*** EXERCISE INPUT ***
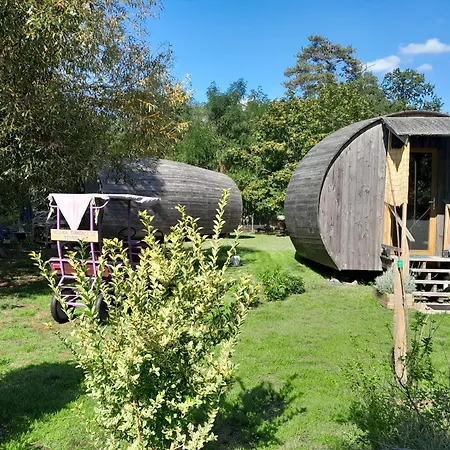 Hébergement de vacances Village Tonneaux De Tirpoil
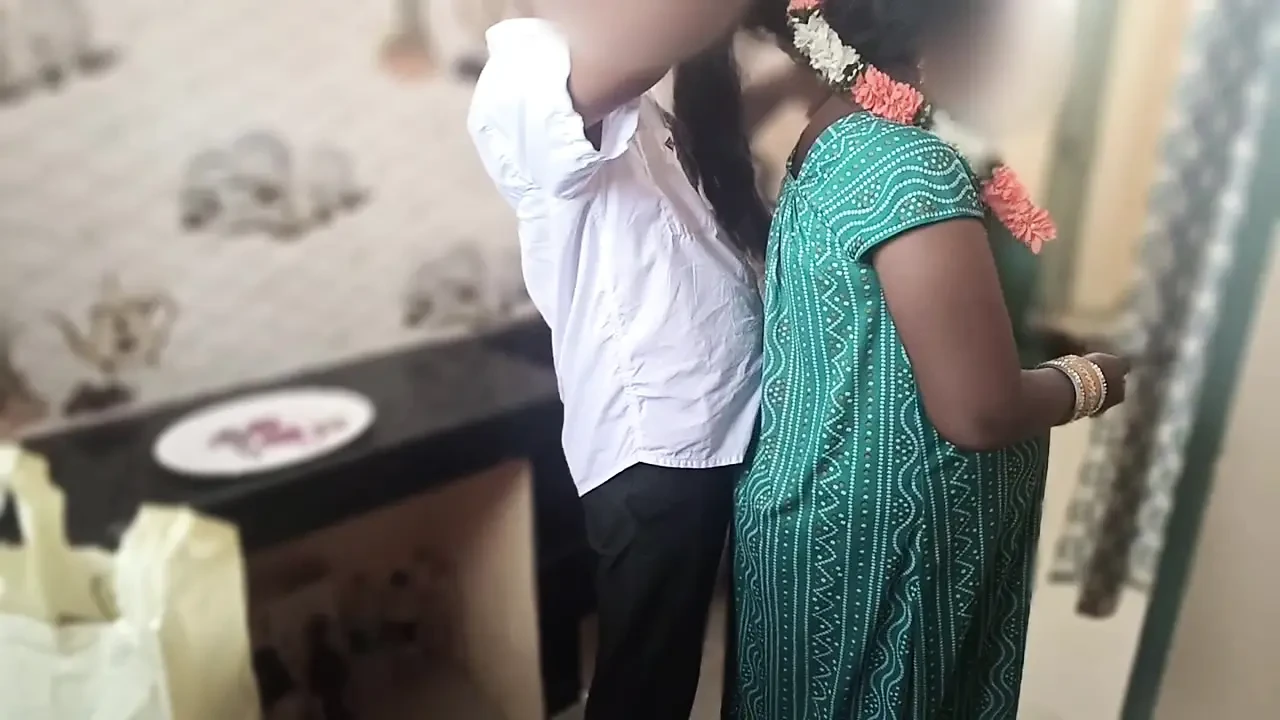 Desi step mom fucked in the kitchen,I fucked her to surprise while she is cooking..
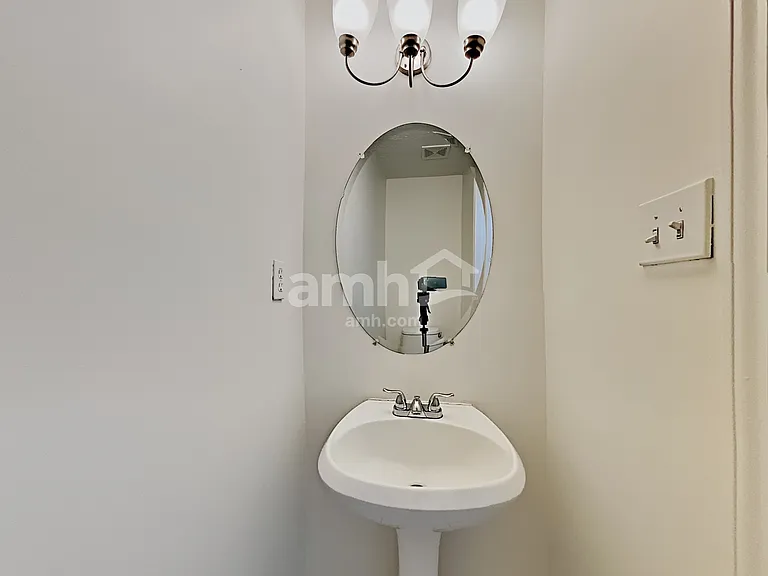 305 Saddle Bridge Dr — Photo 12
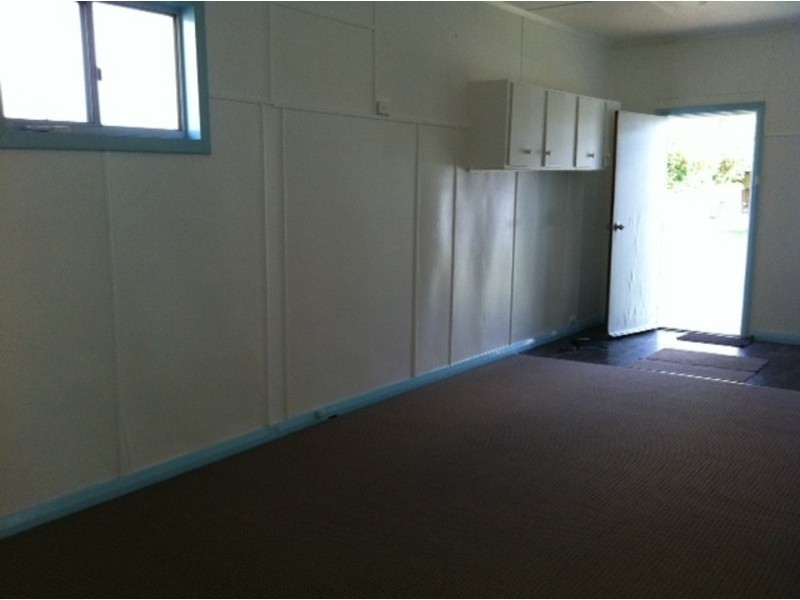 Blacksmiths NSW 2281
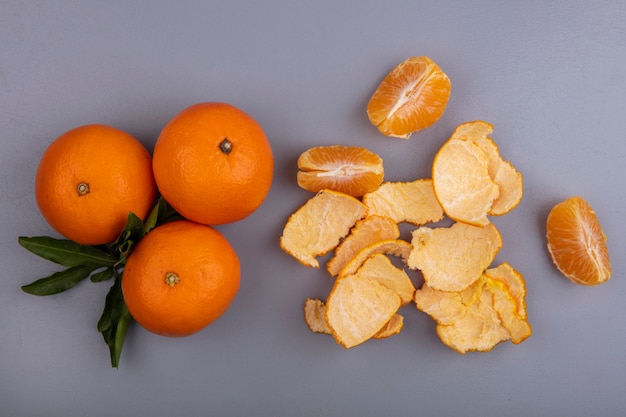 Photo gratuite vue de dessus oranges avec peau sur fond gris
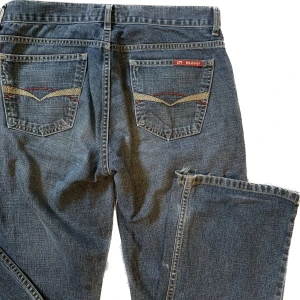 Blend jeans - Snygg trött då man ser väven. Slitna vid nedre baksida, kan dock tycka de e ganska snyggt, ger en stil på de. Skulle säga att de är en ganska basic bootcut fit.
*** End of EXERCISE INPUT ***
YOUR TASK ▸
Every line of the material must be repeated exactly; pictures stay out.

ANSWER TO THE PROBLEM ▸
 Hébergement de vacances Village Tonneaux De Tirpoil
 Desi step mom fucked in the kitchen,I fucked her to surprise while she is cooking..
 305 Saddle Bridge Dr — Photo 12
 Blacksmiths NSW 2281
 Photo gratuite vue de dessus oranges avec peau sur fond gris
 Blend jeans - Snygg trött då man ser väven. Slitna vid nedre baksida, kan dock tycka de e ganska snyggt, ger en stil på de. Skulle säga att de är en ganska basic bootcut fit.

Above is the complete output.